As things stand right now, that could mean Chad Bianco, the mustachioed sheriff of Riverside County, versus British-American political strategist Steve Hilton. “It’s going to be he and I going to November,” Bianco intoned at a recent televised debate, nodding towards Hilton. Their styles might be different — Bianco has the careworn swagger of a frontiersman, while Hilton has an immigrant’s enthusiasm for his adopted homeland — but both are capitalizing on a vein of deep disgruntlement running through California.

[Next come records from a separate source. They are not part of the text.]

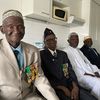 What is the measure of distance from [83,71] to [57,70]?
750 millimetres

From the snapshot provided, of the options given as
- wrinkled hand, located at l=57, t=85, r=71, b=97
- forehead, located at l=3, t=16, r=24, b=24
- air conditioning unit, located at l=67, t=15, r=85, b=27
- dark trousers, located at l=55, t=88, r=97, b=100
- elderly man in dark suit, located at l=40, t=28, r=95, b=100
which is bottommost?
dark trousers, located at l=55, t=88, r=97, b=100

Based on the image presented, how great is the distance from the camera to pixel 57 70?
237 centimetres

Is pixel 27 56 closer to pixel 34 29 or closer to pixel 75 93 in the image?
pixel 75 93

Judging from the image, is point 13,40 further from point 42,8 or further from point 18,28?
point 42,8

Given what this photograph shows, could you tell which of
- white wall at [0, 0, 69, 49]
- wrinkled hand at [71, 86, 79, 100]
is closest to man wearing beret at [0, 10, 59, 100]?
wrinkled hand at [71, 86, 79, 100]

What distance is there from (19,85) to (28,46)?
37 cm

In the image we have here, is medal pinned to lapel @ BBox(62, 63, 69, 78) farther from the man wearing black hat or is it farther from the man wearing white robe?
the man wearing white robe

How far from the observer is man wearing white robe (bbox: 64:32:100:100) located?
110 inches

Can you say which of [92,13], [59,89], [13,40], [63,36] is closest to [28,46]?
[13,40]

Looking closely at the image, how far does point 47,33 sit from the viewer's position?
254 centimetres

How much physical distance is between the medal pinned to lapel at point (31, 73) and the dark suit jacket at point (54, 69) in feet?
1.84

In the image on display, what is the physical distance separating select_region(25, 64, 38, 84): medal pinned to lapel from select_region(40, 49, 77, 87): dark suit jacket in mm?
560

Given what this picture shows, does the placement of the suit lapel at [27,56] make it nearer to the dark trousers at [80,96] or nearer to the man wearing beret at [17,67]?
the man wearing beret at [17,67]

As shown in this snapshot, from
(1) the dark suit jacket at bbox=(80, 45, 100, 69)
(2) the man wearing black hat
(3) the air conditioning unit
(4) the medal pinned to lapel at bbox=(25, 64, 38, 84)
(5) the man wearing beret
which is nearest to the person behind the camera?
(5) the man wearing beret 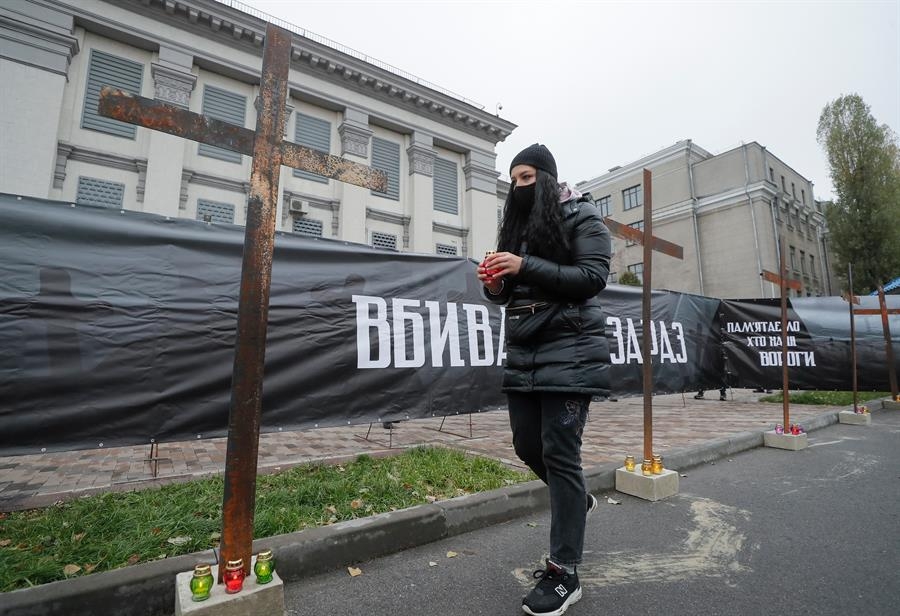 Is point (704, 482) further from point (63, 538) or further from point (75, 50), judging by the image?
point (75, 50)

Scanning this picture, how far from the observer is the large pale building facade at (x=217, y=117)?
1336 centimetres

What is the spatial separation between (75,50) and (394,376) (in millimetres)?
17728

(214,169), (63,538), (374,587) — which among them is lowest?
(374,587)

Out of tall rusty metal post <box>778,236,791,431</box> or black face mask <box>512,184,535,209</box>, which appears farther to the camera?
tall rusty metal post <box>778,236,791,431</box>

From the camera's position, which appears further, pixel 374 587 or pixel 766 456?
pixel 766 456

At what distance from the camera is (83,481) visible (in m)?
3.61

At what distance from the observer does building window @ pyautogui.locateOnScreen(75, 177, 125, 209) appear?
14000 millimetres

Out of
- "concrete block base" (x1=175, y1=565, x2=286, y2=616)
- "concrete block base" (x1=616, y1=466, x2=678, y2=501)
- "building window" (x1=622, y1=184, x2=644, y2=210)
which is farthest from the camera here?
"building window" (x1=622, y1=184, x2=644, y2=210)

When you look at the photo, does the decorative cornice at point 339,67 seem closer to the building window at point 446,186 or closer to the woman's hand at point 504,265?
the building window at point 446,186

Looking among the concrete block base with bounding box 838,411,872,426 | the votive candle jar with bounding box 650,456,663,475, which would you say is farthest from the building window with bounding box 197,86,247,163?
the concrete block base with bounding box 838,411,872,426

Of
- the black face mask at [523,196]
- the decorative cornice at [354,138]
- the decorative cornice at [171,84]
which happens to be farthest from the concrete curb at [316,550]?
the decorative cornice at [354,138]

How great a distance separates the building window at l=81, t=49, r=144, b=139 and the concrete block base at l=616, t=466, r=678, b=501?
17610 mm

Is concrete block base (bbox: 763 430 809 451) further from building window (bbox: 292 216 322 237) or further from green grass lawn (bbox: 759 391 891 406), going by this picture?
building window (bbox: 292 216 322 237)

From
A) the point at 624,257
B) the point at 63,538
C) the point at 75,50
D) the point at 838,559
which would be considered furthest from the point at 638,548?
the point at 624,257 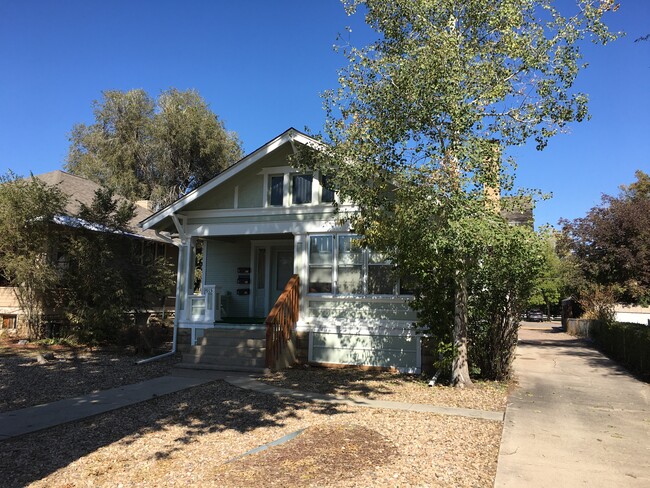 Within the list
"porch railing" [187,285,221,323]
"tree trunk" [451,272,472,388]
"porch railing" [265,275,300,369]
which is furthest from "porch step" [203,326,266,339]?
"tree trunk" [451,272,472,388]

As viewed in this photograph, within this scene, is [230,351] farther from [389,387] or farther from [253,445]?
[253,445]

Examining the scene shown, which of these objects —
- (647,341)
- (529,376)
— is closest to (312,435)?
(529,376)

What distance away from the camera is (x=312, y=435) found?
20.3 ft

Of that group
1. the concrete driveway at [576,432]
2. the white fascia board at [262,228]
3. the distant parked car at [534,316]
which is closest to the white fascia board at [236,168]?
the white fascia board at [262,228]

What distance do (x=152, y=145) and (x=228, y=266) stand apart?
64.6 feet

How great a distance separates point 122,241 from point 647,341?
621 inches

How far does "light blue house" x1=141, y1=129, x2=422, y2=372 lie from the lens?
11750 mm

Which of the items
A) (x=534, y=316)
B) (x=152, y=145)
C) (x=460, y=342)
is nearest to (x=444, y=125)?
(x=460, y=342)

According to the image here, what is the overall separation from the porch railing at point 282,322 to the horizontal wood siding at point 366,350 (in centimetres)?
76

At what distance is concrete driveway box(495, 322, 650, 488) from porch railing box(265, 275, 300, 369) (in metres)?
5.09

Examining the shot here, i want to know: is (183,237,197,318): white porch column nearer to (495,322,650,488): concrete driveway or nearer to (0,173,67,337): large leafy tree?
(0,173,67,337): large leafy tree

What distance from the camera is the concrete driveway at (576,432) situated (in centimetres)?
506

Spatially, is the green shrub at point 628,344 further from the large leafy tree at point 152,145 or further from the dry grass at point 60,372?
the large leafy tree at point 152,145

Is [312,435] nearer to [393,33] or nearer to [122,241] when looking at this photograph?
[393,33] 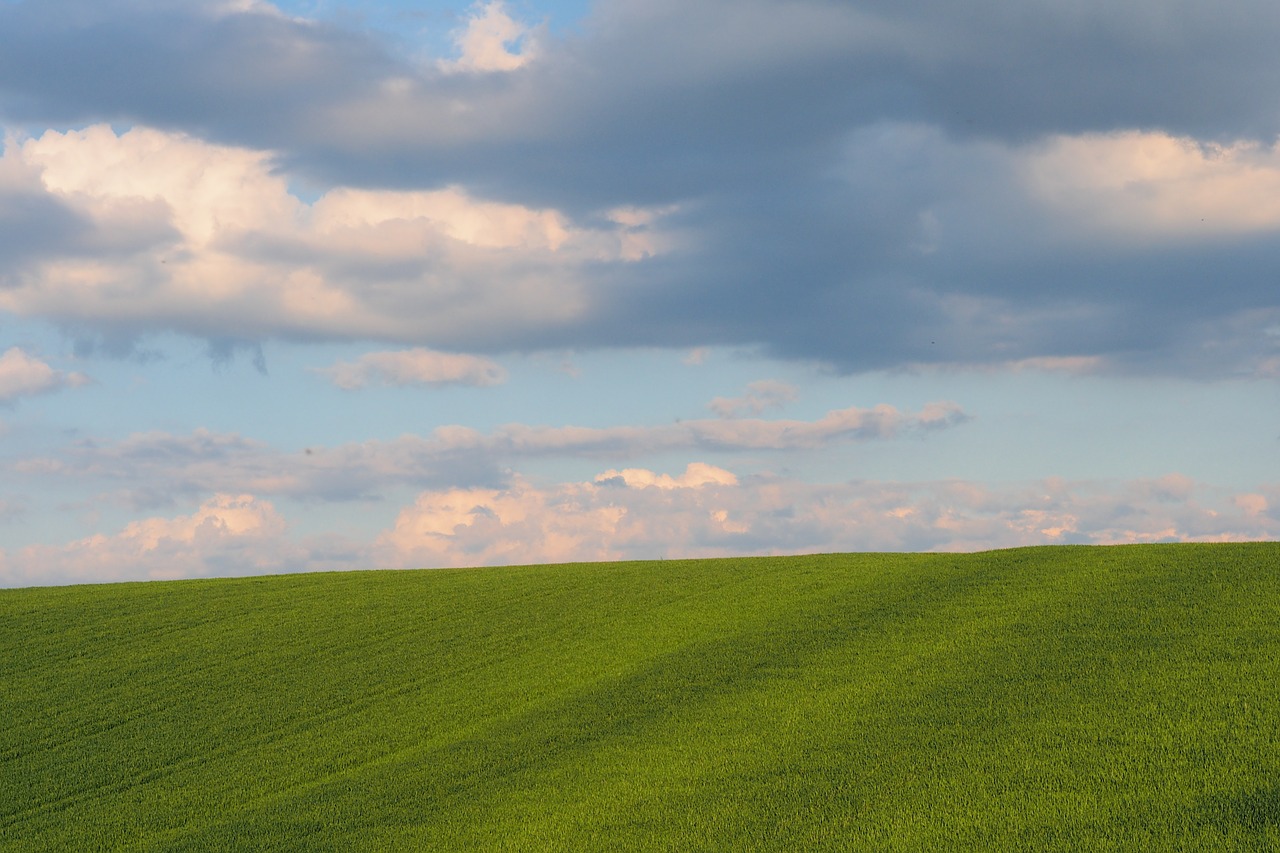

Home to Silicon Valley and some of the world’s most successful businesses, America’s most populous state has a huge economy — the world’s fourth largest if it were a country. But many Californians complain bitterly about the cost of living, squeezed by sky-high housing prices and the most expensive gas in the country. There’s also the very visible, and seemingly intractable, problem of homelessness, which inflicts misery on the thousands who suffer it and scars the streets of great cities like Los Angeles and San Francisco. “When voters are unhappy, the party in power is usually the one that’s held responsible,” Sara Sadhwani, a political scientist at Pomona College, told AFP. But with the June 2 polling day still a month off, Sadhwani believes there’s still plenty of time for the landscape to shift. Around a quarter of all voters tell pollsters they have not made up their minds yet, so the idea that no Democrat could make the top two seems “overblown,” she said. “At the end of the day, California is a majority Democrat state,” she said.
More than five dozen people are registered as candidates for governor, 24 of them Democrats. Only a handful have achieved any kind of name recognition. All are jostling for primacy with similar platforms: promising to make housing more affordable, improving the healthcare system, and standing up to President Donald Trump, who is very unpopular in the state. But with a huge field spreading votes so thinly, there are growing calls for the no-hopers to drop out and allow one or two candidates to float to the top. The current frontrunner among Democrats is Tom Steyer, a billionaire financier who proudly demands the rich pay more taxes. During a recent visit to Los Angeles, he told AFP he wouldn’t be urging anyone to leave the race. “I think it would be the height of arrogance for me to tell somebody else what to do,” he said.
Next in the polling is Joe Biden’s former health secretary, Xavier Becerra. He has benefited most from the recent defenestration of US Representative Eric Swalwell, forced out of the race after being accused of rape and sexual harassment. Former congresswoman Katie Porter is not quite into double digits, but still ahead of San Jose Mayor Matt Mahan and former Los Angeles Mayor Antonio Villaraigosa, both of whom are polling at less than five percent. All will take to the stage for a nationally televised debate on CNN on Tuesday evening, expected to be a rowdy affair. An unenlightening spectacle last week saw Porter float above the fray, wearily raising her eyebrows over the squabbling among her competitors. “This is worse than my teenagers at dinner,” she sighed.